First we need some standard triaging to happen:
- What were the sequence of events that triggered the problem?
- Can this issue be reliably reproduced?
- If not has it happened once or multiple times?
- If it happened once, has the user tried to Refresh the page and check if the issue was there again?
- If not has it happened once or multiple times?
- Has this issue been reported by multiple users?
- Does this issue belong to a general group of “unexplained” or “impossible” issues?
Then we need to dive into the user’s environment as a whole:
- What operating system are they on? What browser type and version do they use?
- What type of Internet connection do they have? Home/ISP? School/Education? Enterprise network? Cellular?
- What quality of Internet connection do they have? What is their bandwidth, is their line stable? Does it have what we call “packet-loss” where packets are dropped and never reach their destination?
- What is the stability of their Internet connectivity? Does it have frequent disconnects? Does their modem has poor signal with the ISP and fluctuates up and down and constantly reconnects? Is it over cellular where everything goes?
- Which part of the world was the user at and at what time their local the issues manifested? It might be the case of a generic network overload on busy hours or a known outage incident on some part of the Internet.

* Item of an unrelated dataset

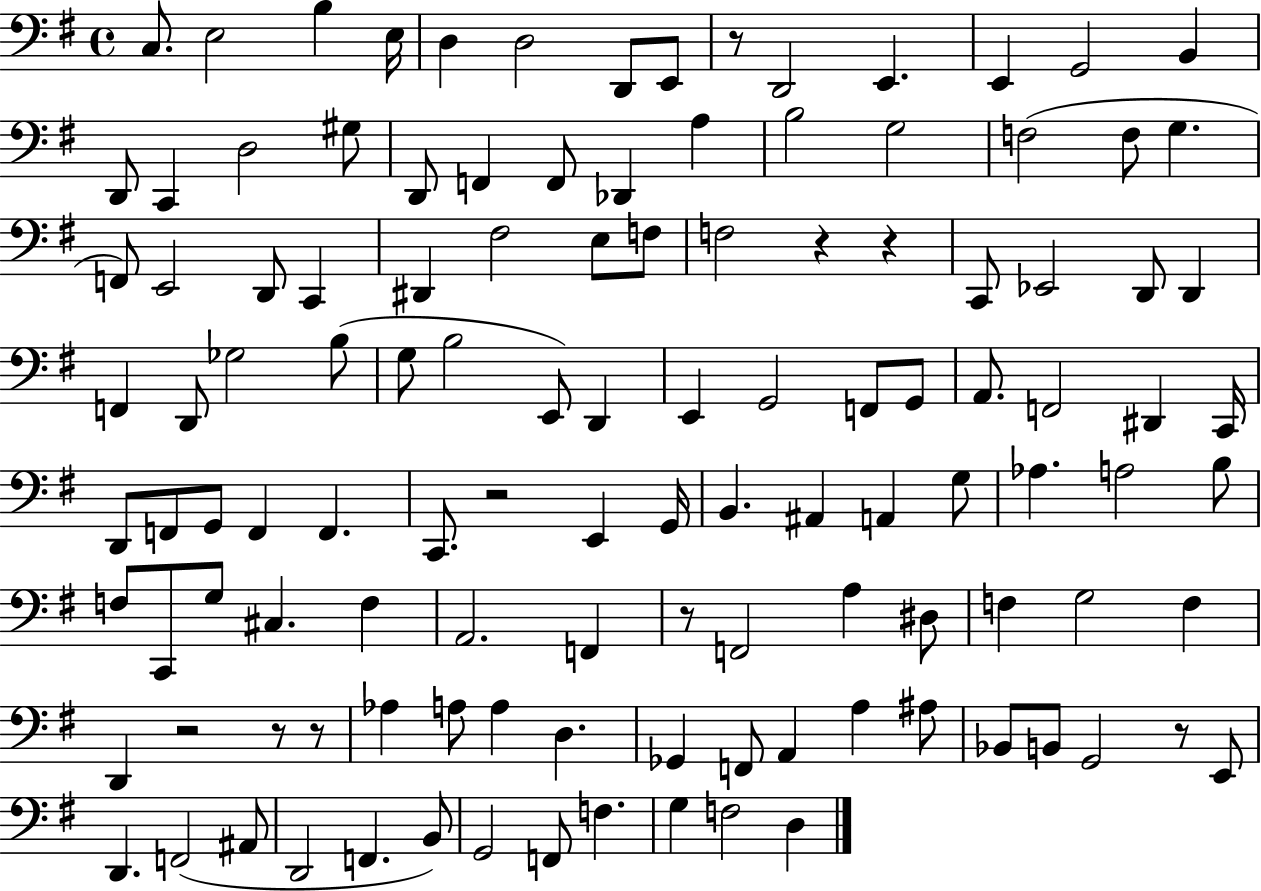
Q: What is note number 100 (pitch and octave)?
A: F2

Step 3: Make Assertions and Test Them
By having collected all of this data and if you still haven’t figured out the real cause you are in a good position to start making some speculations as to what happened.
If you are having a lot of unpredictable problems up and down your product that come and go as you push new changes then you most likely have a systemic problem, which means that your system itself is inherently unstable. In these cases the remedies aren’t many, you are in a bad position of having accumulated too much technical debt that needs to be paid back. In most cases this means a complete rewrite of the offending part or the whole application if things are that severe.
If the issues are more narrowly defined and you have excluded all application factors, meaning the application works fine for you and 95% of your clients, then it most likely has to do with the reporting client’s specific configuration and Network connectivity. So you make an assumption that the problem comes from Websocket connectivity, you then need to verify that assumption by testing it. You either create an in-application or use an external test service to drive your customer there, have them perform the test and send back to you the results of that test.
Hopefully by now you have a good understanding of the problem and you can proceed to apply a solution that can cope with the connectivity challenges a browser can face.
The Next Step: Automation
As you have already realized, the troubleshooting process can be very lengthy and painful for you, and most importantly for your customers. While at the early stages of your business you can afford to handle all your customers personally this will not scale and the user experience is terrible.
So you gain time, your customers do not have to perform a 12-step troubleshooting guide and you can fix, iterate and evolve faster than ever before.